Last week’s announcement by Reserve Bank Governor Tito Mboweni that the Net Open Forward Position (NOFP), or apartheid dollar overdraft, has been closed is more than just a feather in our fiscal manager’s cap at the National Treasury and Reserve Bank.
It also more than just narrows the scope for rand volatility, thus making the rand stand on its own on the country’s economic fundamentals. But reduction in rand volatility, just like inflation targeting, becomes a tool that Mboweni must be given more ways to use.
Ahead of last week’s monetary policy committee meeting, Statistics South Africa reported that gross domestic product (GDP) had grown by a depressingly small 1,9% last year, and that inflation had unexpectedly risen to 4,2% in January.
In announcing no change in rates, Mboweni did not make any direct mention of poor economic growth and the need to spur activity, but emphasised the risks to inflation and the continually growing demand for credit. This tends to make Mboweni appear indifferent to the plight of the poor. It then reinforces the perception that inflation targeting, and Reserve Bank caution, is anti-growth.
Lumkile Mondi, chief economist at the Industrial Development Corporation, said before last week’s interest rates decision that there is room in the economy for a two percentage point rate cut. This week he maintained that stance, noting last week’s GDP figures and this week’s news on the NOFP closure should have outweighed the inflation blip and brisk growth in credit demand and persuaded the Bank to cut rates.
But Mondi notes that Mboweni’s limitation has been his mandate. His boss, Minister of Finance Trevor Manuel, has to allow him to use his tool for other purposes. He suggested in the Mail & Guardian last month that Mboweni’s mandate should include economic output and inflation.
To be sure, inflation targeting has been both good and necessary. It has instilled discipline in the national psyche around inflation, and galvanised and focused a nation in pursuit of what was meant to be a common goal. In the period since, there has been a general acceptance by all stakeholders of its importance. The possible exception is labour, whose expectations in the quarterly Bureau for Economic Research survey remain higher than those of business and households.

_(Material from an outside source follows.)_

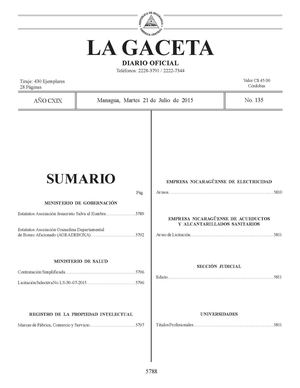 Gaceta No 135 Martes 21 De Julio 2015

Yet, last week, I felt that Mboweni could have cut the rate and risked inflation acceleration to spur economic activity, just as long as inflation stays within the target band. In anticipation of economic growth, another option over the long term is for the Treasury to move the inflation target band to, say, 5% to 7%. This was suggested by Standard Bank economist Iraj Abedian last year and Mboweni dismissed it as ”Iraj using information that is not in the Treasury or the Bank”. That does not help.